PROBLEM REQUIREMENTS — In the data below, set down exactly the lines from the one containing "MATTY BORELAND WINS" up to and including the one containing "HFH Healthcare map". Leave the pictures out.

RAW DATA —

————

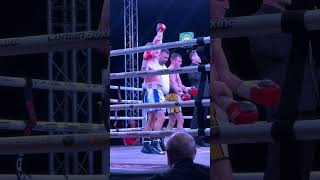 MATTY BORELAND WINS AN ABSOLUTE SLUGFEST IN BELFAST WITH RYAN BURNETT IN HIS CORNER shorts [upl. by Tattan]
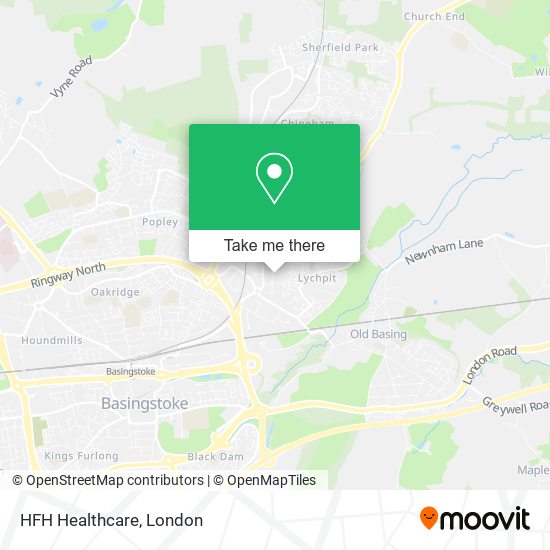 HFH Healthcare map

————

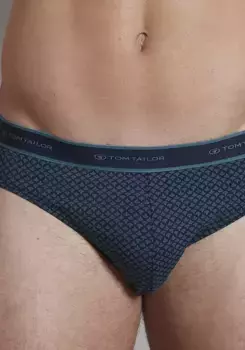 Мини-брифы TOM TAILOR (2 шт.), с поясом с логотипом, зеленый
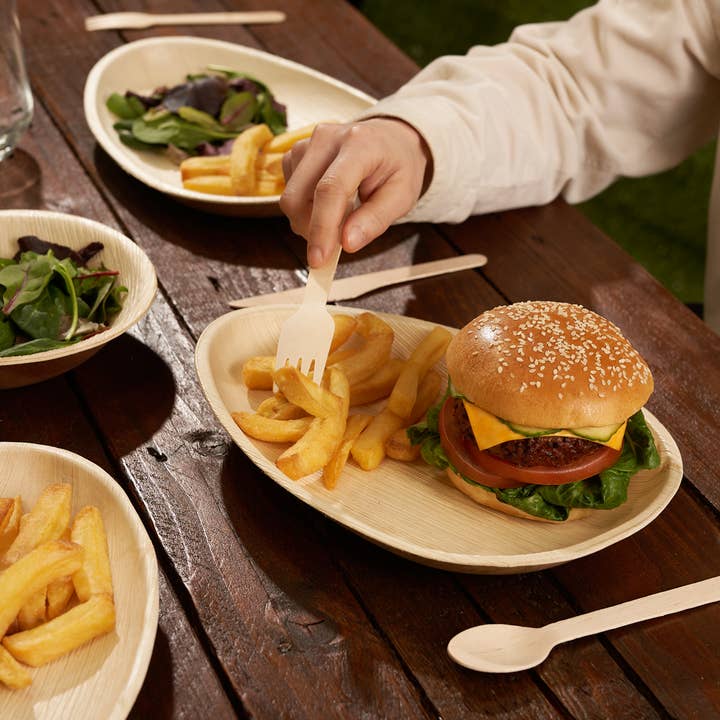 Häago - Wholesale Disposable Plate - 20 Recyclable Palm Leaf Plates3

————

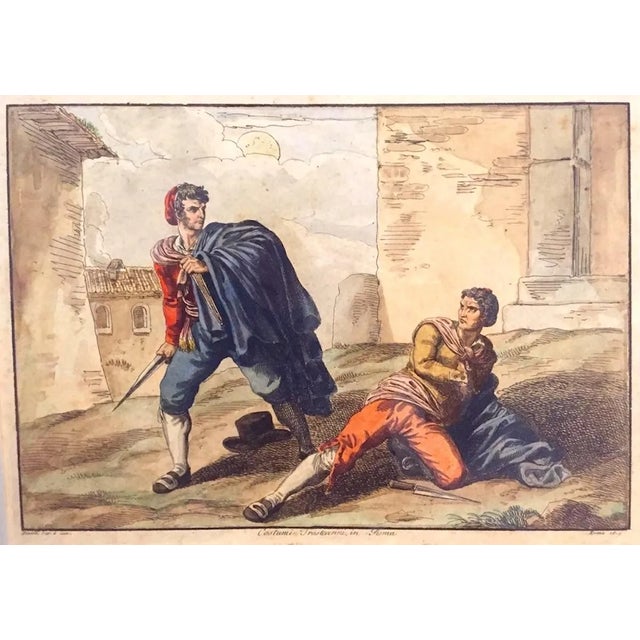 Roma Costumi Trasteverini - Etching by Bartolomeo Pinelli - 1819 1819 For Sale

————

WRITTEN ANSWER —
 MATTY BORELAND WINS AN ABSOLUTE SLUGFEST IN BELFAST WITH RYAN BURNETT IN HIS CORNER shorts [upl. by Tattan]
 HFH Healthcare map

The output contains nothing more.